Institute for Zionist Strategies
- Founded: 2005; 21 years ago
- Headquarters: Jerusalem, Israel
- Key people: Yoel Golovenski, president Yoaz Hendel, chairperson Miri Shalem, chief executive officer
- Website: www.misgavins.org

= Misgav Institute for National Security and Zionist Strategy =

Israeli think tank

The Misgav Institute for National Security and Zionist Strategy (formerly named Institute for Zionist Strategies) is an Israeli think tank.

==History==
Journalist and activist Yisrael Harel founded the non-profit Institute for Zionist Strategies (IZS) in Jerusalem in November 2004. IZS credited Natan Sharansky, Moshe Arens, and Moshe Ya'alon as playing a role in its founding.

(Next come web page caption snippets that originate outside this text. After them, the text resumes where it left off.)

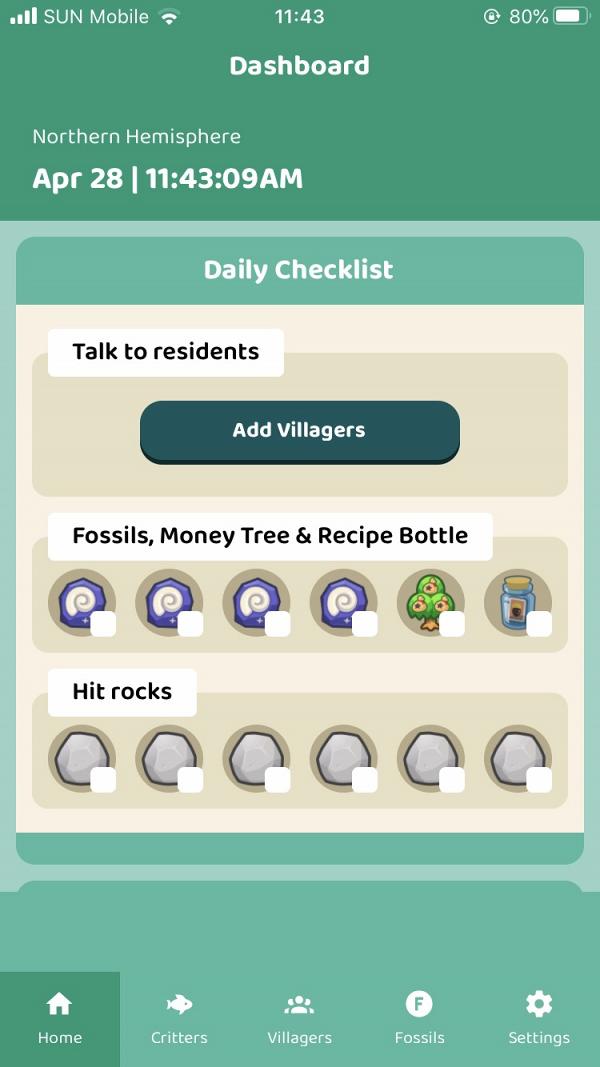 【動物之森/動物森友會】玩家自製App記錄每日待辦清單 提你和鄰居聊天/敲礦石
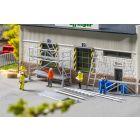 Faller - 1/160 INDUSTRIELE MONTEURS EN ARBEIDERS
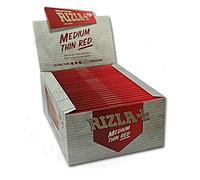 2 X Red King Size Narrow Cigarette Rolling Papers - 5 Packets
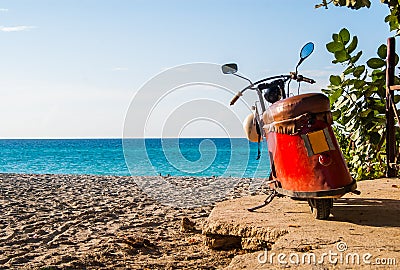 Cullman scooter at Varadero Beach Stock Photo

IZS's goals included promotion of education and research and developing young public leaders across Israeli society.

==Activities==

IZS has published position papers.

===Strategic forum===
IZS had a strategic forum, which included diplomat Dror Eydar, politician Yoaz Hendel, and journalist Amnon Lord as of 2012.

===Constitutional task force===
IZS was one of several organizations to propose ideas to the Knesset's Constitution, Law and Justice Committee for discussions around a constitution. Its proposal, authored by scholar Avraham Diskin and others, suggested strengthening the parliamentary system rather than shifting to a presidential system.

===Foreign funding for NGO's===
This project studied more than 20 NGOs in Israel and their donors. The Institute, in collaboration with NGO Monitor, issued a joint report claiming that foreign governments were funding NGOs in Israel in order to influence Israeli policy and public debate. As a result, a bill was proposed to the Knesset requiring funding disclosure by NGOs receiving support from foreign political entities. The bill was approved in February 2011 and was not well received by the European Union.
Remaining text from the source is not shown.